* About this task: Output every record exactly and leave each picture out.

* Input data:
******************************
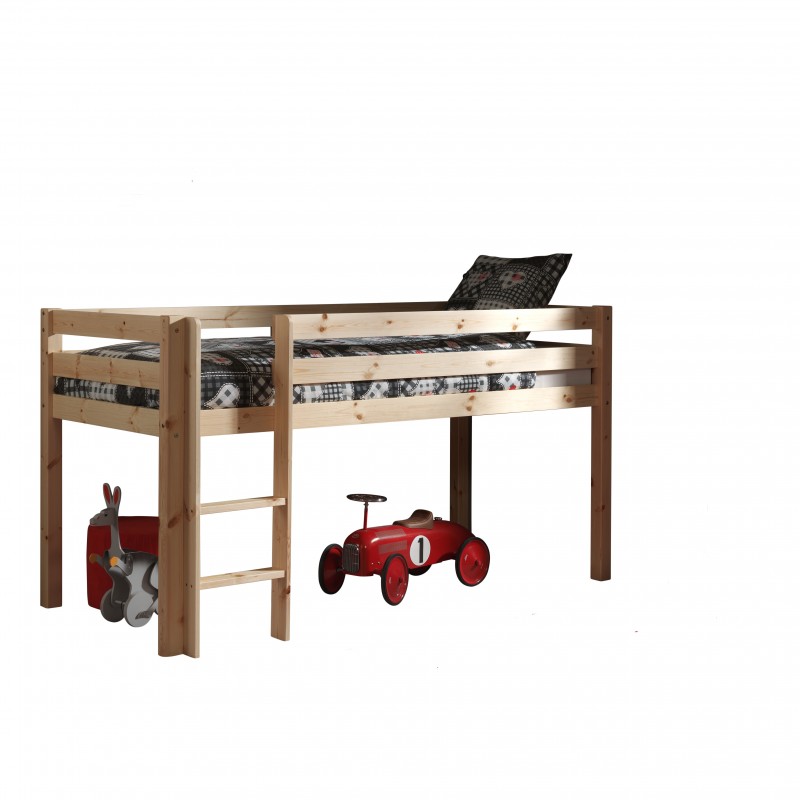 Halvhøj seng 90 x 200 cm – Pino, natur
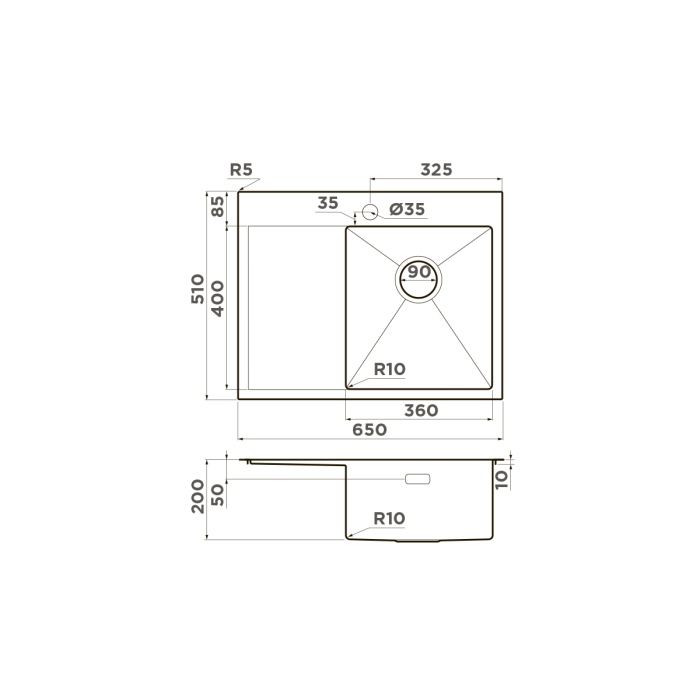 Omoikiri кухонная мойка Akisame 65-R, вороненая сталь арт. 4973098
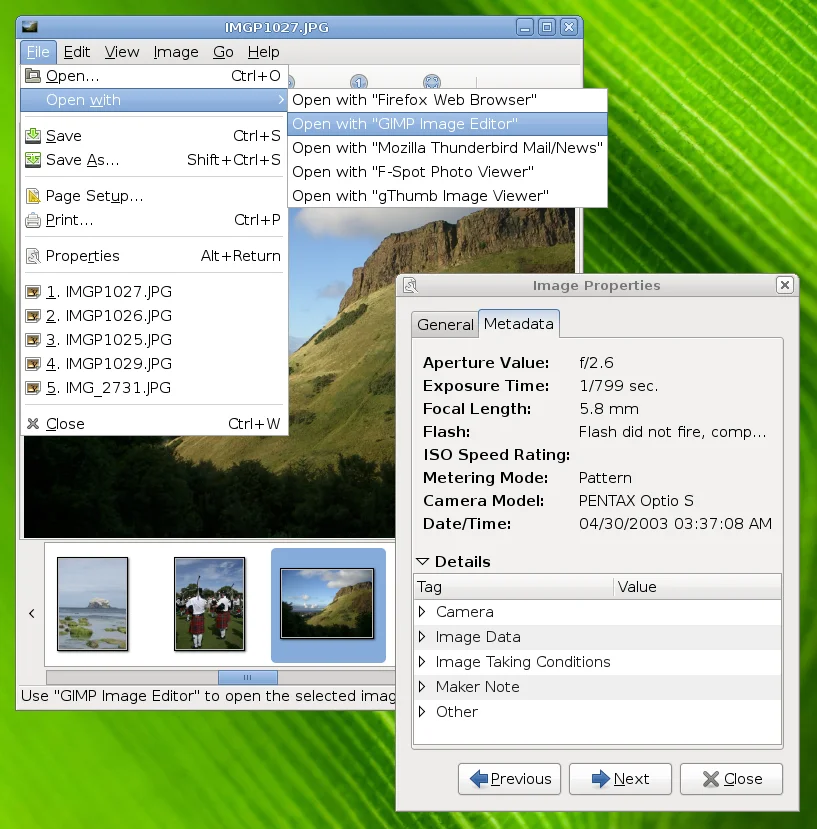 The Image Viewer, with the properties dialog and the Open With menu.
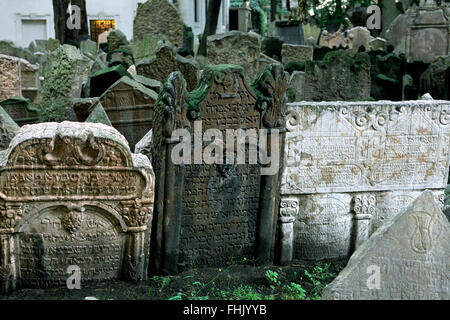 République tchèque, Prague, Josefov, ancien cimetière juif Banque D'Images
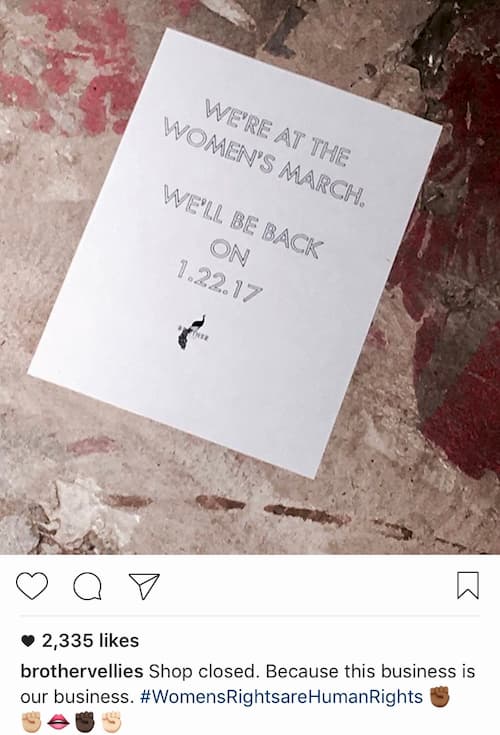 instagram screenshot of brother vellies supporting the womens march in washington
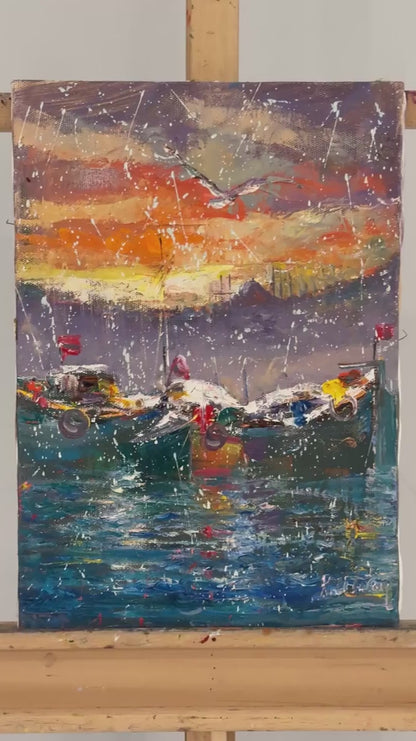 Boğazda Gün Yağlı Boya Tablosu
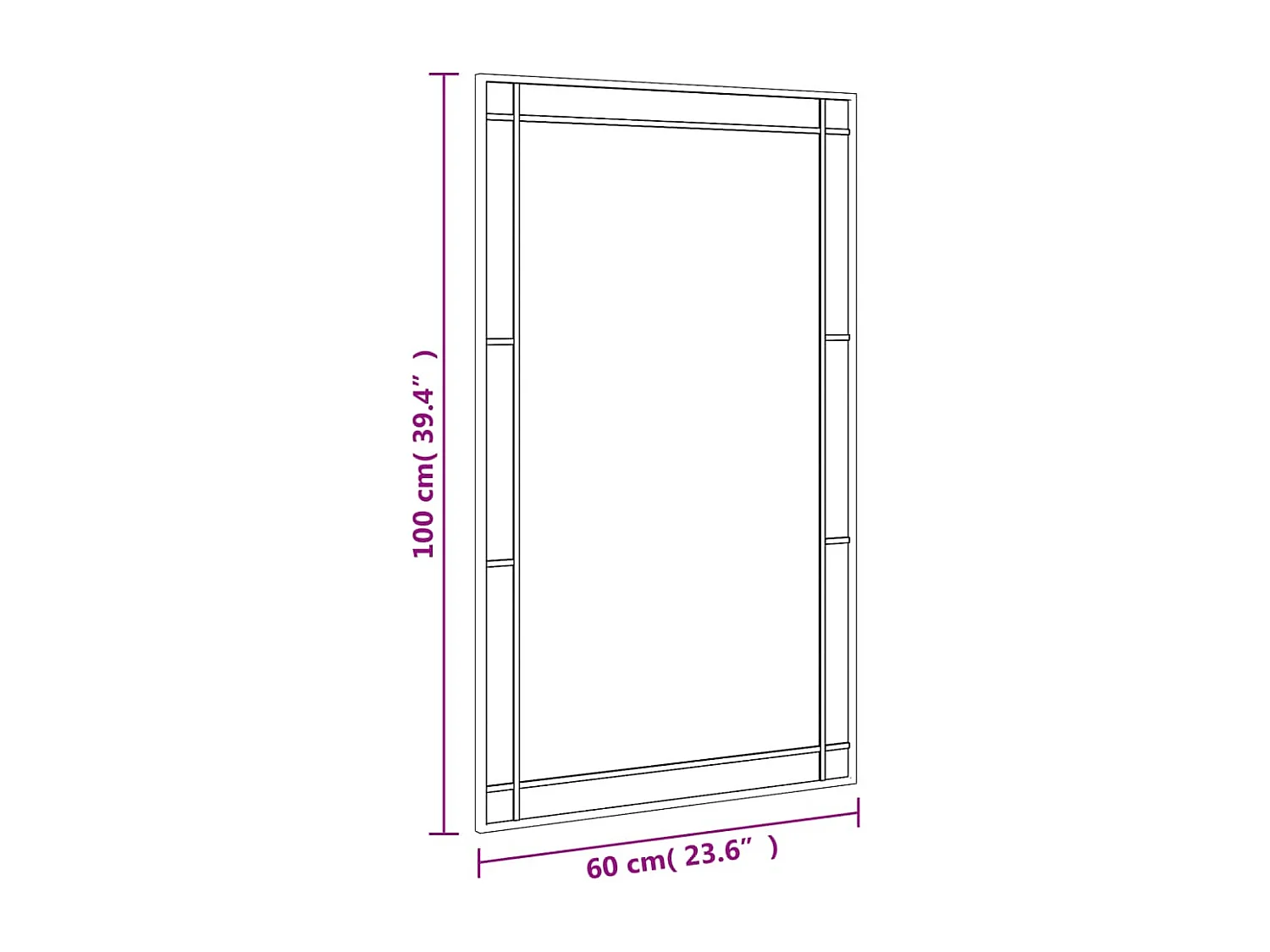 Specchio da parete nero 60x100 cm rettangolare in ferro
******************************
* Exercise result:
 Halvhøj seng 90 x 200 cm – Pino, natur
 Omoikiri кухонная мойка Akisame 65-R, вороненая сталь арт. 4973098
 The Image Viewer, with the properties dialog and the Open With menu.
 République tchèque, Prague, Josefov, ancien cimetière juif Banque D'Images
 instagram screenshot of brother vellies supporting the womens march in washington
 Boğazda Gün Yağlı Boya Tablosu
 Specchio da parete nero 60x100 cm rettangolare in ferro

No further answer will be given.